Jeolojik kayıtta aratabakalı (ing. interbeded) olarak bulunan paleosoller, yüzeysel bir bakışla sedimanlara ya da ince taneli bir sedimanter kayaca benzediğinden jeolojik kayıtta pek çok paleosol tanınmadan kalmıştır. Pek çok jeolog/jeoloji mühendisi onu arazide gri, kırmızı, kahverengimsi ve bazen yeşil çamurtaşı olarak tanımlar.
Fenwick (1985) bir paleosolü tanımlamak için kullanılabilecek kriterleri şöyle sıralıyor.
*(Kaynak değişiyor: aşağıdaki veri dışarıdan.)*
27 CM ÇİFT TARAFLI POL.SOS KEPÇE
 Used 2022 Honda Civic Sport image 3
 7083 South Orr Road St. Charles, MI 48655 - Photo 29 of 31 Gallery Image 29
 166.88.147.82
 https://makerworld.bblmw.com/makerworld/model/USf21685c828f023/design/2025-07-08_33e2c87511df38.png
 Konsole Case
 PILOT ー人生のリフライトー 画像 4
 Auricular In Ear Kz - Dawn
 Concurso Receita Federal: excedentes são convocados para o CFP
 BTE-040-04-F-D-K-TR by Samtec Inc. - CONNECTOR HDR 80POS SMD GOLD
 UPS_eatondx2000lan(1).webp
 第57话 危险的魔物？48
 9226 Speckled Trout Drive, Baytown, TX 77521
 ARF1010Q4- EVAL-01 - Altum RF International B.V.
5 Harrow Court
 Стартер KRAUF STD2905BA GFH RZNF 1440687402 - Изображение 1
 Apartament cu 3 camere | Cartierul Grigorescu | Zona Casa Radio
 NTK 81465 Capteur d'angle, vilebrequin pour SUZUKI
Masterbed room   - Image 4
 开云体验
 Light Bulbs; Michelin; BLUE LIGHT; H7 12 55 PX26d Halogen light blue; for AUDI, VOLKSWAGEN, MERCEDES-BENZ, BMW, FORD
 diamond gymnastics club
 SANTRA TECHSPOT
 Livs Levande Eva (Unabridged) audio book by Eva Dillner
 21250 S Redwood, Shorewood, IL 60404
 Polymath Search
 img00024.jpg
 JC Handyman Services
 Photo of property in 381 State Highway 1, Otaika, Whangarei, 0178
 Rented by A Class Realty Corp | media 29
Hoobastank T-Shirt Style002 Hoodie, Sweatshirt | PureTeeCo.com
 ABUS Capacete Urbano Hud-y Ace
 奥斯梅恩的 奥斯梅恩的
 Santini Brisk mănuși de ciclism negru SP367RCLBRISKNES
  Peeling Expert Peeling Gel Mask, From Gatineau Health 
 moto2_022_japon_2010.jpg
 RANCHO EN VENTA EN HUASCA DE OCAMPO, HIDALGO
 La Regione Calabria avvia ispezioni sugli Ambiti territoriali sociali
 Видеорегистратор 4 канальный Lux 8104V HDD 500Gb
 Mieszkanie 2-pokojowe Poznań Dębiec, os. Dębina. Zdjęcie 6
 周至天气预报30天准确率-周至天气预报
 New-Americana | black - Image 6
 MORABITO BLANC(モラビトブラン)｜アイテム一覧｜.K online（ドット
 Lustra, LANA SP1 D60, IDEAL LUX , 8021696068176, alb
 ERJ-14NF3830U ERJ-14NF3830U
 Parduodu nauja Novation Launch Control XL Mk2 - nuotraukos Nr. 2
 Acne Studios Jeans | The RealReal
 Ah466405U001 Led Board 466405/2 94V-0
1- Organik maddece zenginleşmiş bir en üst seviyenin varlığı
2- En üst kesimine doğru kırmızılığı giderek artan seviyeler
3- Üst kesimine doğru bozunabilir mineralleri giderek azalmış seviyeler
4- İlksel yapıların solucanlar veya buz etkisi gibi bazı fiziksel biyolojik süreçlerle kopup parçalanması
Retallack (1988), üsttekilere eklenebilecek üç tanımlama kriteri daha sunmaktadır.
1- Bitki kök izleri: ilgili seviyenin yüzeye çıktığını ve üzerinde bitki kolonizasyonunun sözkonusu olduğunu, dolayısıyla toprak gelişiminin varlığını gösterir. Paleosolün üst seviyesi bitki köklerinin çatallandığı düzeydir. Kök izleri aşağı doğru incelir ve dallanır.
2- Kök izleri bataklık benzeri anoksik, suya doygun ortamlarda bitkisel malzemenin iyi korunması nedeniyle en iyi gözlenir. Aerobik ortamlarda gelişmiş topraklarda kök izleri tüp şekilli, asıl apaleosolden farklı bileşim ve renkte (çoğunlukla hafif grimsi yeşilimsi) çizgisellikler olarak izlenir.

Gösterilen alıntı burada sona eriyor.